# [EXERCISE DIRECTIONS]
No images, please. Copy each entry below exactly as it reads.

# [INPUT MATERIAL]
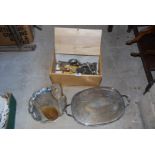 A bread bin containing various cutlery and plated trays etc.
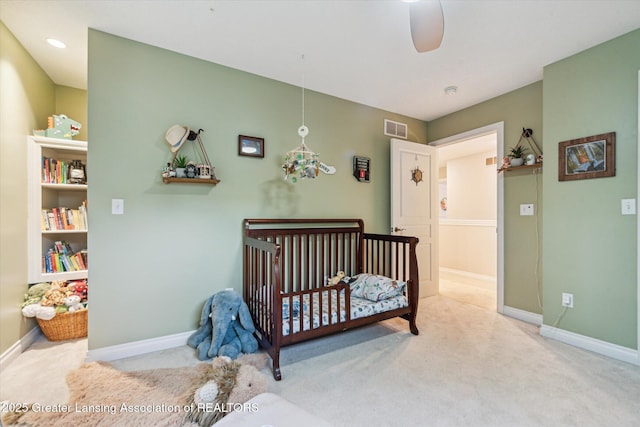 1058 Buckingham Rd, Haslett, MI 48840 - carpeted bedroom featuring baseboards and a crib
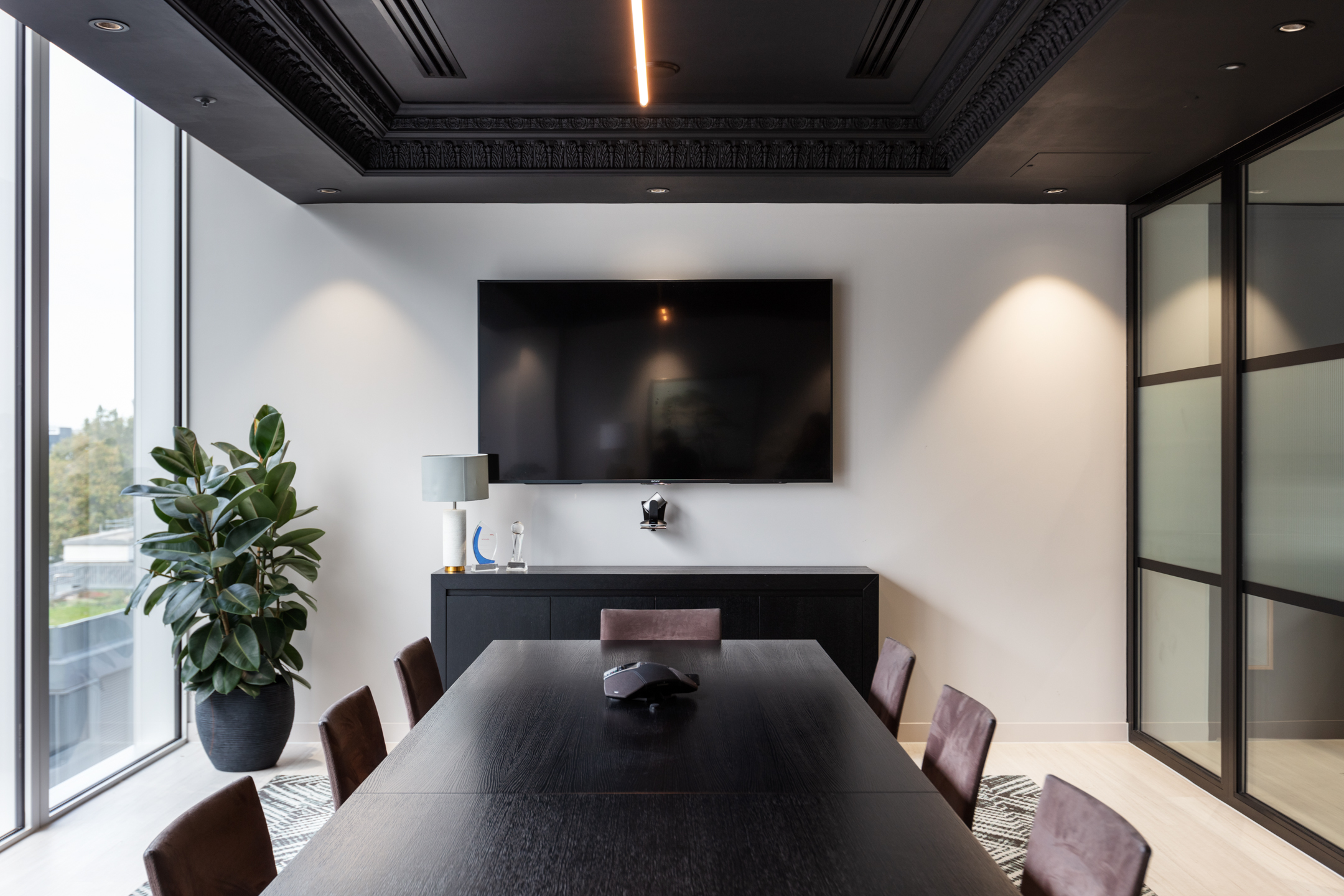 A finnCap meeting room showcasing a sleek black conference table, leather chairs, and a large TV screen, with minimalistic decor and natural light from floor-to-ceiling windows.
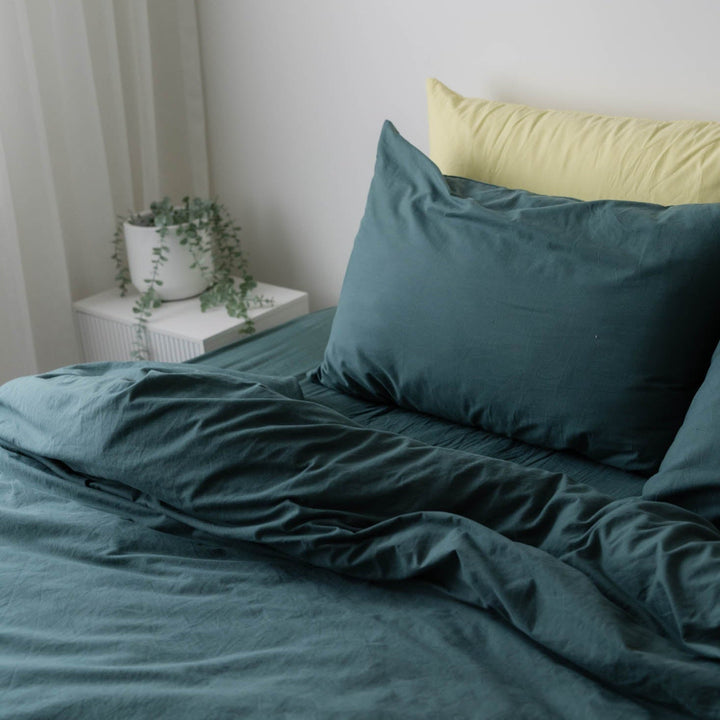 Teal bedding set with a yellow pillow on a bed in a room.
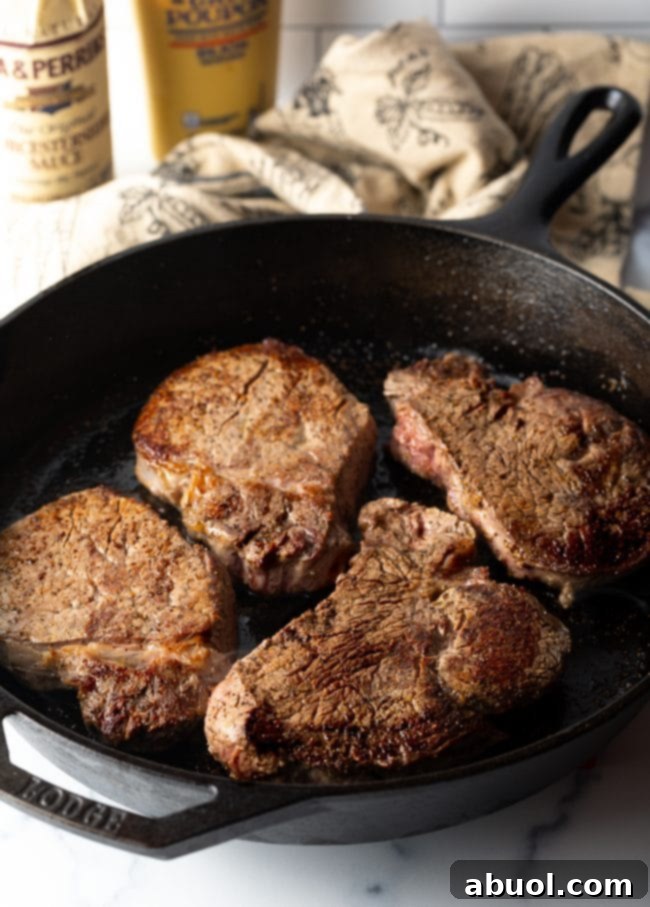 Cheesecake Factory's Iconic Steak Diane 5 4 steaks in a cast iron skillet. Searing steaks for Steak Diane.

# [COMPLETED TASK]
 A bread bin containing various cutlery and plated trays etc.
 1058 Buckingham Rd, Haslett, MI 48840 - carpeted bedroom featuring baseboards and a crib
 A finnCap meeting room showcasing a sleek black conference table, leather chairs, and a large TV screen, with minimalistic decor and natural light from floor-to-ceiling windows.
 Teal bedding set with a yellow pillow on a bed in a room.
 Cheesecake Factory's Iconic Steak Diane 5 4 steaks in a cast iron skillet. Searing steaks for Steak Diane.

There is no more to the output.